--- Records for this exercise ---

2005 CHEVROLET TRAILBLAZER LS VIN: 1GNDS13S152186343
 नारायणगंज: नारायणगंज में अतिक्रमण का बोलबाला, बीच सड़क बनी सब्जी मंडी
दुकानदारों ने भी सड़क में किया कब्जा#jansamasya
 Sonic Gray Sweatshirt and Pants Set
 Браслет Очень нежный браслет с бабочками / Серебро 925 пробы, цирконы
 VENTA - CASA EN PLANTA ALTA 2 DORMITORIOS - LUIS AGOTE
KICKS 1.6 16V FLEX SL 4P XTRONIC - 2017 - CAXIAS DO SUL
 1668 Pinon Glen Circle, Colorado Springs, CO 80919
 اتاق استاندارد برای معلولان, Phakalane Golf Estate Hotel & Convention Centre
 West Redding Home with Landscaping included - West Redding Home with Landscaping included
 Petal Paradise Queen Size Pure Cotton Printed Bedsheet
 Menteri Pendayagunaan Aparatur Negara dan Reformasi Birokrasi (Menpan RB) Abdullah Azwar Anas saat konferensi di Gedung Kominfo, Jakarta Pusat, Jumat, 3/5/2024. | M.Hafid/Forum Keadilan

---

▸ **Directions**
Only one stretch of the data is wanted: the lines from the one with "1668 Pinon Glen" through the last, repeated exactly.

▸ **Answer space**
 1668 Pinon Glen Circle, Colorado Springs, CO 80919
 اتاق استاندارد برای معلولان, Phakalane Golf Estate Hotel & Convention Centre
 West Redding Home with Landscaping included - West Redding Home with Landscaping included
 Petal Paradise Queen Size Pure Cotton Printed Bedsheet
 Menteri Pendayagunaan Aparatur Negara dan Reformasi Birokrasi (Menpan RB) Abdullah Azwar Anas saat konferensi di Gedung Kominfo, Jakarta Pusat, Jumat, 3/5/2024. | M.Hafid/Forum Keadilan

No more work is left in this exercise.